The uptick is driven by solid expansions in output, new orders and employment.

The headline PMI figure rose sharply to 51.9 in September, up from 49.4 in August, moving above the neutral 50.0 threshold. This upturn follows a challenging period marked by political disruptions and intense price pressures earlier in the year.

Business activity and new sales both expanded for the first time in five months, signalling a stabilisation of the economy and improving consumer demand.

The recovery encouraged firms to hire new staff, resulting in the quickest rise in employment since May 2023.

Christopher Legilisho, an economist at Stanbic Bank noted that business conditions expanded in September, implying the start of a recovery after the disruptions that followed protests in the second quarter of 2025.

“New orders and output strengthened as consumer demand improved, despite some firms reporting caution from clients due to still challenging economic conditions. Employment, meanwhile, increased due to gains from new orders and output,” Legilisho said.

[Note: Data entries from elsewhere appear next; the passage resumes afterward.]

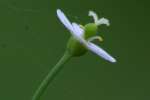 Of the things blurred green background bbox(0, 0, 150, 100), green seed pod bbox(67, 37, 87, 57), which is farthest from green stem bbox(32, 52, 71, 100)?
blurred green background bbox(0, 0, 150, 100)

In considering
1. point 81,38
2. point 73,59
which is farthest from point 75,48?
point 73,59

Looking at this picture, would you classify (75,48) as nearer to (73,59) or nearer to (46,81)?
(46,81)

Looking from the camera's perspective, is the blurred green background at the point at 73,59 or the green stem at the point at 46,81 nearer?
the green stem at the point at 46,81

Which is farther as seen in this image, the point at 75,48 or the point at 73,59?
the point at 73,59

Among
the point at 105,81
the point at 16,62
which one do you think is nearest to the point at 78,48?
the point at 16,62

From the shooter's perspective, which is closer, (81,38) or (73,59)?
(81,38)

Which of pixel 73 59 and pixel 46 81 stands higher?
pixel 73 59

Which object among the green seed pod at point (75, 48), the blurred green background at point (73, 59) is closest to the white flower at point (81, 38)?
the green seed pod at point (75, 48)

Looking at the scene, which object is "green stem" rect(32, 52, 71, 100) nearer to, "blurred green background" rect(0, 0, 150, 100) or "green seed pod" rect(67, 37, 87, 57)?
"green seed pod" rect(67, 37, 87, 57)

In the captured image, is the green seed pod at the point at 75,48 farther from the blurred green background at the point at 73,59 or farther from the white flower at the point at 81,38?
the blurred green background at the point at 73,59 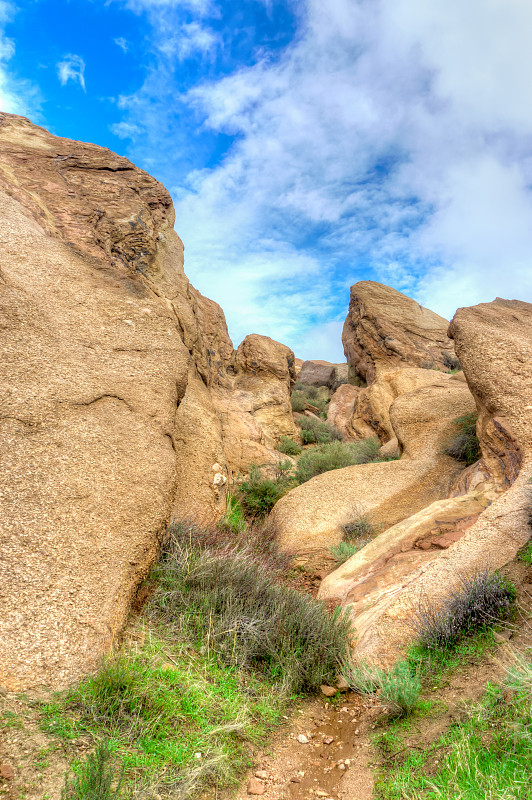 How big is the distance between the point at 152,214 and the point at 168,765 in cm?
978

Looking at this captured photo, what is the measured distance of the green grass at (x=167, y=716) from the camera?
2613mm

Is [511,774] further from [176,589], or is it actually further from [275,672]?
[176,589]

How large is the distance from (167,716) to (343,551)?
14.1ft

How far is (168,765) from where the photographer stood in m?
2.68

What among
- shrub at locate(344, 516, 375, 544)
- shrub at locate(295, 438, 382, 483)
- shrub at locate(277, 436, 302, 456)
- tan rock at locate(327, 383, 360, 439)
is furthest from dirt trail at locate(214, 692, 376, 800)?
tan rock at locate(327, 383, 360, 439)

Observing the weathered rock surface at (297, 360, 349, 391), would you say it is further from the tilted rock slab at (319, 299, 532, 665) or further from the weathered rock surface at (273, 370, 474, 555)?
the tilted rock slab at (319, 299, 532, 665)

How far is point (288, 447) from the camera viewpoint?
13.7m

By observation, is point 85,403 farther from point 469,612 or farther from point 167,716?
point 469,612

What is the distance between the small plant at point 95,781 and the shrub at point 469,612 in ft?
8.15

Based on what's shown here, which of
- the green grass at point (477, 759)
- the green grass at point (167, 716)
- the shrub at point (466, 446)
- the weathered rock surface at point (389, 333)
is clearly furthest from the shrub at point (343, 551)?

Legilisho explained that business prospects for the upcoming year were still strong, albeit far off from historical trends. This implies that, while conditions for some firms have been improving, most still experience the business environment as challenging.

He said that driving the improvement in business conditions was a renewed expansion in activity, which in turn was strongly related to rising sales and a stabilising economy.

Legilisho highlighted that out of the firms surveyed, roughly a third (33 per cent) noted that their output had grown during September, compared to 23 per cent that recorded a decline.

The recovery was not universal. Purchasing activity continued to fall, as many businesses remained cautious due to low sales in recent months. The construction industry, in particular, saw a sharp fall in output.

While the rate of overall input cost inflation moderated to its weakest level since May, firms reported persistent concerns about higher taxes and rising commodity prices (such as fuel and foodstuff).

Despite this easing of costs, businesses increased their selling prices at a slightly quicker, although modest, pace compared to August.

Looking ahead, Kenyan firms maintained sustained confidence regarding future activity. Although slightly down from August, the 12-month outlook remains one of the best observed in nearly three years, with firms planning expansions, product diversification, and increased marketing.

“Some businesses reportedly benefitted from effective marketing and investment into products and services. That said, some areas experienced weakness, especially in the construction industry where output fell sharply,” Legilisho said.

On sales intakes, he said that the survey data also signalled a renewed upturn in September. New business growth was solid, having rebounded from four months of consecutive downturns.

He pointed that this recovery encouraged firms to hire new staff, leading to a rise in employment that was the quickest recorded since May 2023. With staff capacity up, firms managed to deplete their backlogs for the fourth month running.